The Founders believed that the debts of a nation are no different than the debts of an individual.  The fact that this debt is shared by the whole of the people does not make it less of a burden.  While they knew that in a case like war, the nation may need to borrow, they still believed that the nation should get out of debt as quickly as possible in order to enjoy complete solvency and prosper.  Thomas Jefferson said, "I, however, place economy among the first and most important of republican virtues, and public debt as the greatest of the dangers to be feared."

When it comes to passing on the debts of one generation to the next, the Founders had a very clear viewpoint.  The generation that created the debt should pay for it so that the next generation would be truly free politically and economically.  It was their belief that passing their debts onto their children would mean that they were born into bondage or involuntary servitude, that they did not vote for nor subscribe to.  They stated that it would be in the very literal sense taxation without representation and a blatant violation of a fundamental republican principle.  Jefferson considered inherited debt to be immoral.

It is very clear with the nation that we live in today, that we are sending the next generations inheritance, if not two generations or more!  There is no way that the amount of debt that we have can be liquidated.  In addition to this fact, we are also committed to pay for additional future liabilities!  

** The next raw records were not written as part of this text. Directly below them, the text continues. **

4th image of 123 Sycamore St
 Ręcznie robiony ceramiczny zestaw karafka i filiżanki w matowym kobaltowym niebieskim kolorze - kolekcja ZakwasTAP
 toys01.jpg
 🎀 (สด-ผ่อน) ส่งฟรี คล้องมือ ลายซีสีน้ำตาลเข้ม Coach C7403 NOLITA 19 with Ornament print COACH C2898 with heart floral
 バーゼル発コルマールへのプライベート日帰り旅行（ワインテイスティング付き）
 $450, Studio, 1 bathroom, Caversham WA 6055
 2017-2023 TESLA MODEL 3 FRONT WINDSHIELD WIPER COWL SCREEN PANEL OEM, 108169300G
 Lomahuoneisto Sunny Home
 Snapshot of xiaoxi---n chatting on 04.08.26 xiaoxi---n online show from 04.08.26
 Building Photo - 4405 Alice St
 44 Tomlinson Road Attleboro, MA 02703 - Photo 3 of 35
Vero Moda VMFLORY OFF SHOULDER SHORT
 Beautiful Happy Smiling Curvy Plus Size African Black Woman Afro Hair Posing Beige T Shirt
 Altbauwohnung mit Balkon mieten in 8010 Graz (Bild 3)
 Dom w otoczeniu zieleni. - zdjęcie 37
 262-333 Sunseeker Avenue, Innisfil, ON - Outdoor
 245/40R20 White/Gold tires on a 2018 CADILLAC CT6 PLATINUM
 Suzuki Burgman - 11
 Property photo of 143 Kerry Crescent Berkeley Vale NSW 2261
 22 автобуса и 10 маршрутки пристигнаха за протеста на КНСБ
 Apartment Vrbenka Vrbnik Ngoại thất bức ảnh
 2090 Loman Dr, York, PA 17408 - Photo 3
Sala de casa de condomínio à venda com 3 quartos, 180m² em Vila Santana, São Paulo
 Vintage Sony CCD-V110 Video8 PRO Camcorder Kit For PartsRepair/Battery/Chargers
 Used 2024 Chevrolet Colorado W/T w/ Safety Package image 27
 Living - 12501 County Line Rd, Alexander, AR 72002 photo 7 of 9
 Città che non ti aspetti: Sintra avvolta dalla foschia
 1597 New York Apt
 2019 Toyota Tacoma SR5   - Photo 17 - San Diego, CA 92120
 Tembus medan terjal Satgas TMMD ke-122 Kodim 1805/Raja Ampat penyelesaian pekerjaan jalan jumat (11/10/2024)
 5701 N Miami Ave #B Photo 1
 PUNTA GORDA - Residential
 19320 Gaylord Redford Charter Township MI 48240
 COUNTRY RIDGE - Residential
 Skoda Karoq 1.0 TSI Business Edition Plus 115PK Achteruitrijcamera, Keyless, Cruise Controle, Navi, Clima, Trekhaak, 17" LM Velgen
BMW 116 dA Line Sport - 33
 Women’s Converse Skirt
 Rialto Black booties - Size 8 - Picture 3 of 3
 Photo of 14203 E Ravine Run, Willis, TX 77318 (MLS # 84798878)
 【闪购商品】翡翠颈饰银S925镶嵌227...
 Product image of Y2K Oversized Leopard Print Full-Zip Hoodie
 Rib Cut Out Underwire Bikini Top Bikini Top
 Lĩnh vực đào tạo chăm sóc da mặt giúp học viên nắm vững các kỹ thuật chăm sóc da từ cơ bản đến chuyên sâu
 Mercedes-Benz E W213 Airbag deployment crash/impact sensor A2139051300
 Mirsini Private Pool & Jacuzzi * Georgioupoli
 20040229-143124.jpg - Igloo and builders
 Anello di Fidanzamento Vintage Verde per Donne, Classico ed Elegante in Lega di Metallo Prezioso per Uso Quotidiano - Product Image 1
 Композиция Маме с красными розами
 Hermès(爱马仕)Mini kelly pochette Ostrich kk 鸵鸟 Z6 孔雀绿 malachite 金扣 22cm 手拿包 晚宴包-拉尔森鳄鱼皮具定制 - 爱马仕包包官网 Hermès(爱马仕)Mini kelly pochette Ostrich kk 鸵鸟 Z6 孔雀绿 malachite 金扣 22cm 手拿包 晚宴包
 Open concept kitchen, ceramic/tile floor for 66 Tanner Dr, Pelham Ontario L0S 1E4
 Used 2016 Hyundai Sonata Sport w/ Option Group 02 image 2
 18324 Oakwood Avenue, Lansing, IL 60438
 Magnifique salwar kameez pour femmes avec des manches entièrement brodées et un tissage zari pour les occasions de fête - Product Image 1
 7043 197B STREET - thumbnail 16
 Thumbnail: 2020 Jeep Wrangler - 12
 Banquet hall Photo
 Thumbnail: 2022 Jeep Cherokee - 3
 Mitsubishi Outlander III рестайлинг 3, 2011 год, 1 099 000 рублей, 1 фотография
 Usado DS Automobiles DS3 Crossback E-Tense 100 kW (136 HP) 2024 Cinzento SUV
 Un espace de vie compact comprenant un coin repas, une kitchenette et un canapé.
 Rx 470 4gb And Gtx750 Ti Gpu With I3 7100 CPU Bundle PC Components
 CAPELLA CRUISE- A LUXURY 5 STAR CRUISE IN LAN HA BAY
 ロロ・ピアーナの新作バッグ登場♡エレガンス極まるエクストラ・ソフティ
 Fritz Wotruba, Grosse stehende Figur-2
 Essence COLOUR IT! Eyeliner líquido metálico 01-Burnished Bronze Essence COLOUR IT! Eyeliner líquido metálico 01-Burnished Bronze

Can we return to the Founders Formula?  Only if the people awaken to the situation and they determine to go through fiscal withdrawal and kick the habit of splurge spending.  The author, W. Cleon Skousen, of The 5000 Year Leap states that he has a proposal that is in the book entitled "The Healing of the Nation."  While there was the possibility at the time that the author wrote this book, I do have to wonder myself if it is still possible in this day.  His plan avoided a very deep depression, which I think that we are going to head into one no matter what now.  There seems to be no repentance option left, except for the painful one.  We have been told in the scriptures, that if we will not humble ourselves, we will be compelled to be humble, perhaps, that is what it will take for our nation to repent of the excessive debt that we all now find ourselves in.